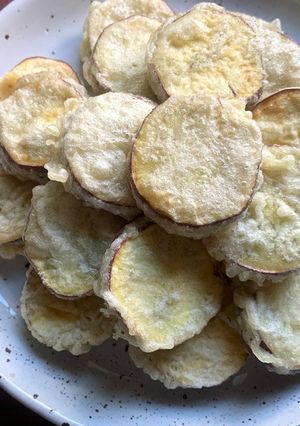 A picture of Sweet Potato Tempura.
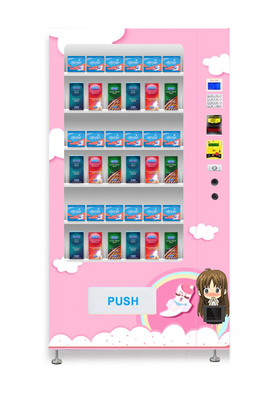Preservativi di vendita e distributore automatico caldi su ordinazione del tovagliolo con le opzioni multiple di pagamento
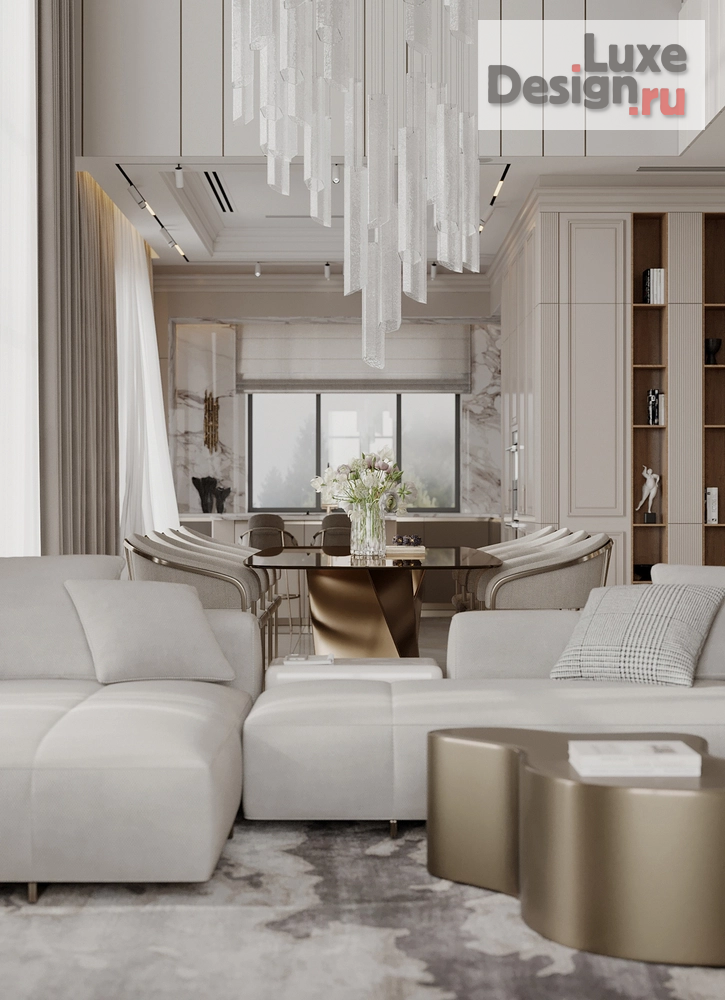 Дизайн интерьера частного дома "Кухня-гостиная в загородном доме" (фото 11)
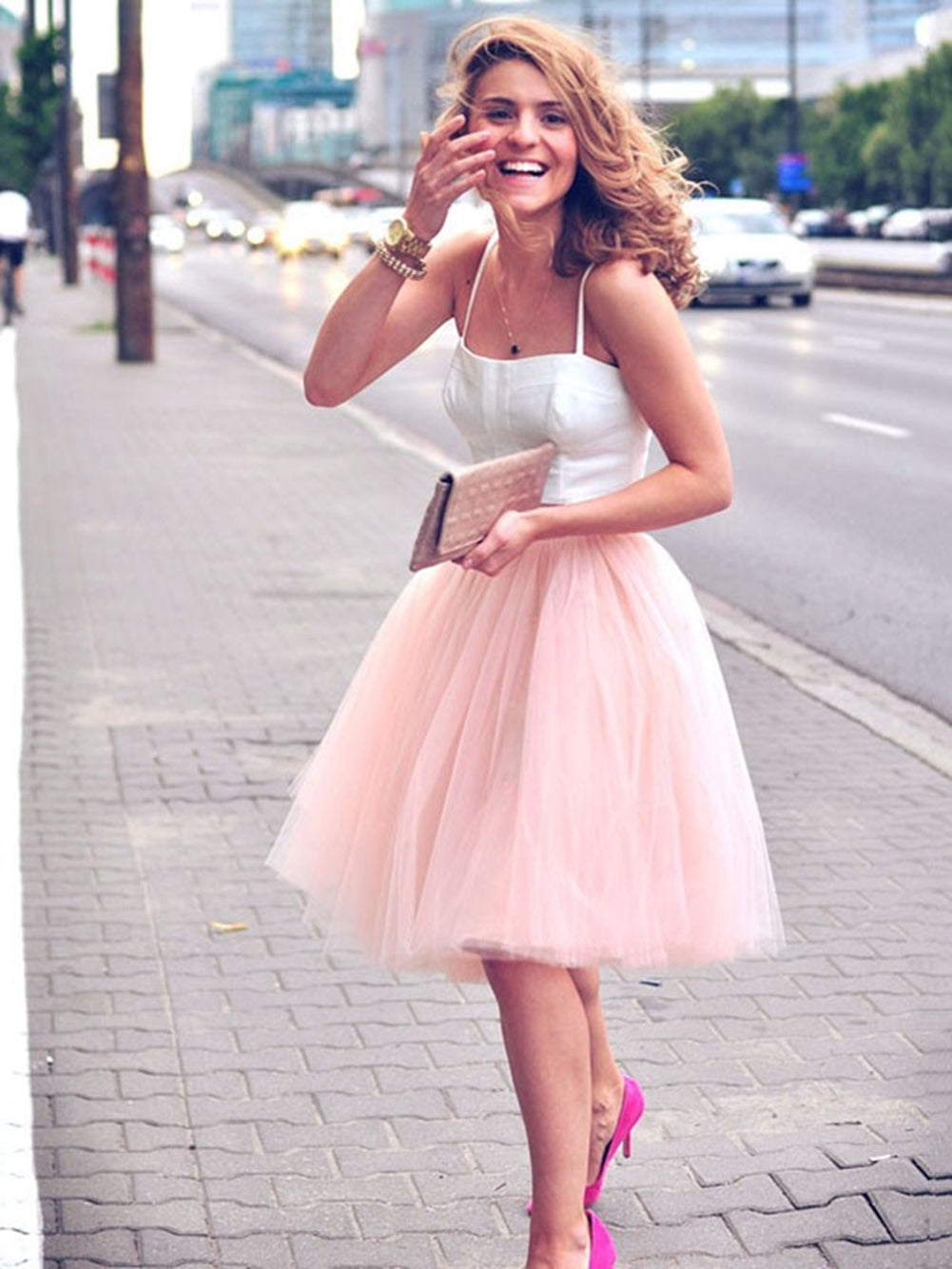 Rosenvy Women's A-Line Knee-Length Tulle Petticoat Skirt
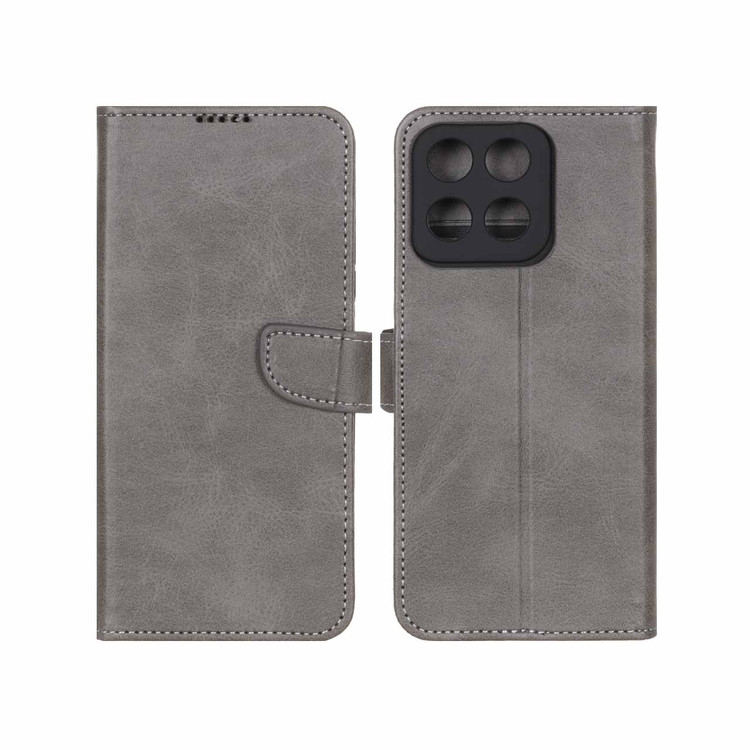 کیف چرمی موبایل مگنتی محافظ لنزدار Honor X7c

Required action – You are asked to output the records precisely as they appear, minus any pictures.

Problem solution –
 A picture of Sweet Potato Tempura.
Preservativi di vendita e distributore automatico caldi su ordinazione del tovagliolo con le opzioni multiple di pagamento
 Дизайн интерьера частного дома "Кухня-гостиная в загородном доме" (фото 11)
 Rosenvy Women's A-Line Knee-Length Tulle Petticoat Skirt
 کیف چرمی موبایل مگنتی محافظ لنزدار Honor X7c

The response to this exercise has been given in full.